(Captioned web image data)
^^^^^^^^^^^^^^^^
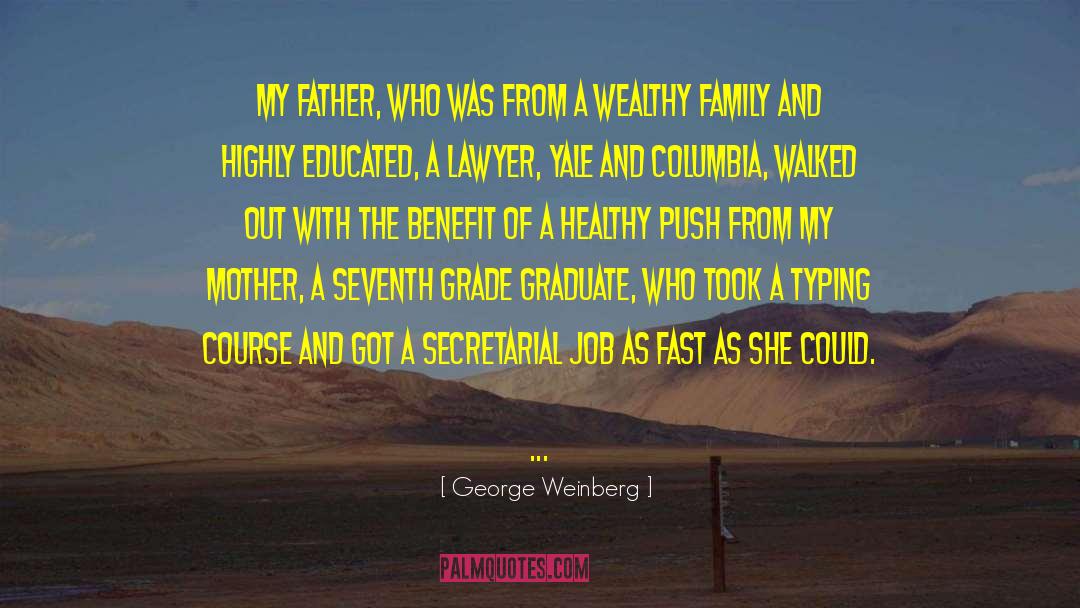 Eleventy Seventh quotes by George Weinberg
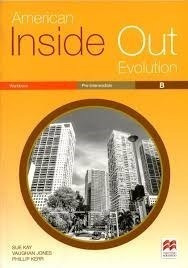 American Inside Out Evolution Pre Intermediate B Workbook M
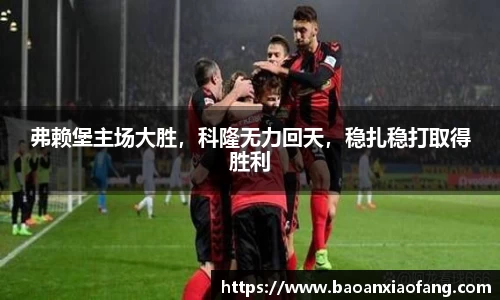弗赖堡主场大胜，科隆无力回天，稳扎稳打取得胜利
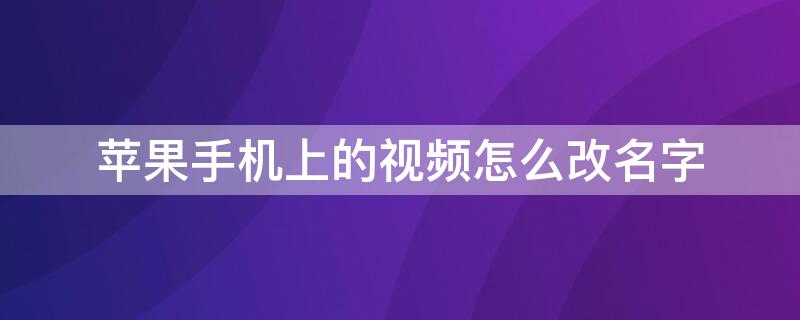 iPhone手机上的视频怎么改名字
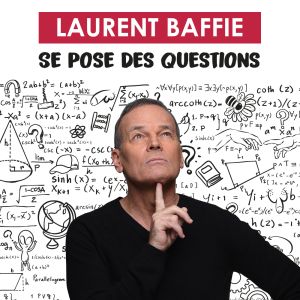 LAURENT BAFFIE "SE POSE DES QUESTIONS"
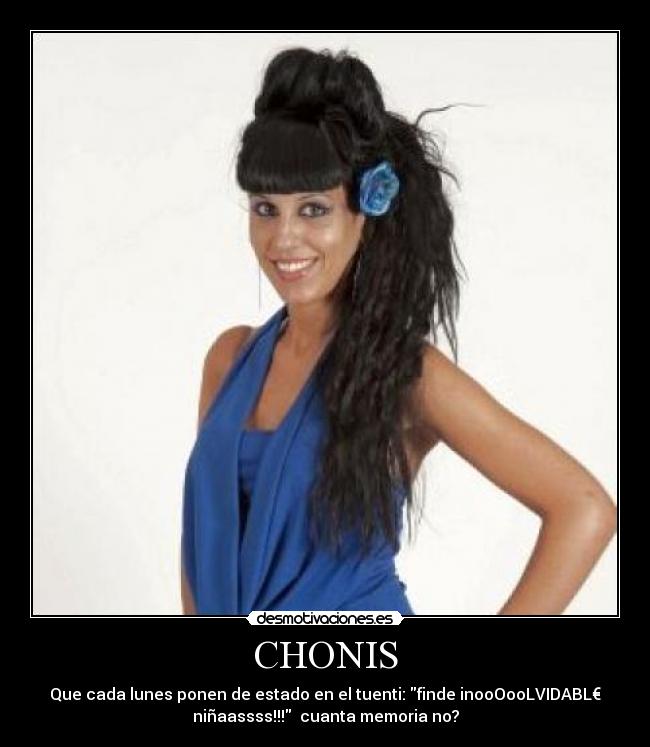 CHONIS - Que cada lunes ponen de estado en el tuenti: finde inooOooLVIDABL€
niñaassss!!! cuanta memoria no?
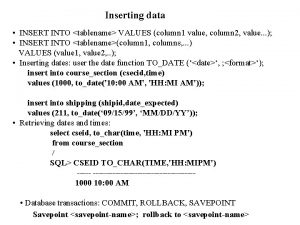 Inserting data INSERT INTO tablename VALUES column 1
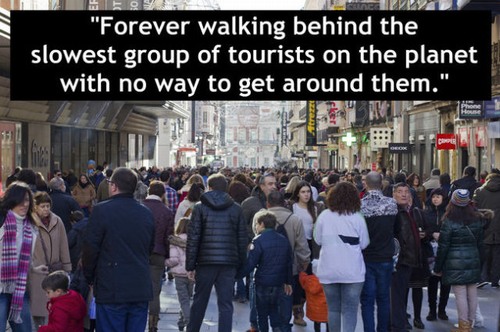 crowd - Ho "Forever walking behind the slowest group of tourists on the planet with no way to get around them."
^^^^^^^^^^^^^^^^
:: WHAT IS EXPECTED ::
Reproduce the complete set of records verbatim and omit the pictures.

:: REPLY ::
 Eleventy Seventh quotes by George Weinberg
 American Inside Out Evolution Pre Intermediate B Workbook M
弗赖堡主场大胜，科隆无力回天，稳扎稳打取得胜利
 iPhone手机上的视频怎么改名字
 LAURENT BAFFIE "SE POSE DES QUESTIONS"
 CHONIS - Que cada lunes ponen de estado en el tuenti: finde inooOooLVIDABL€
niñaassss!!! cuanta memoria no?
 Inserting data INSERT INTO tablename VALUES column 1
 crowd - Ho "Forever walking behind the slowest group of tourists on the planet with no way to get around them."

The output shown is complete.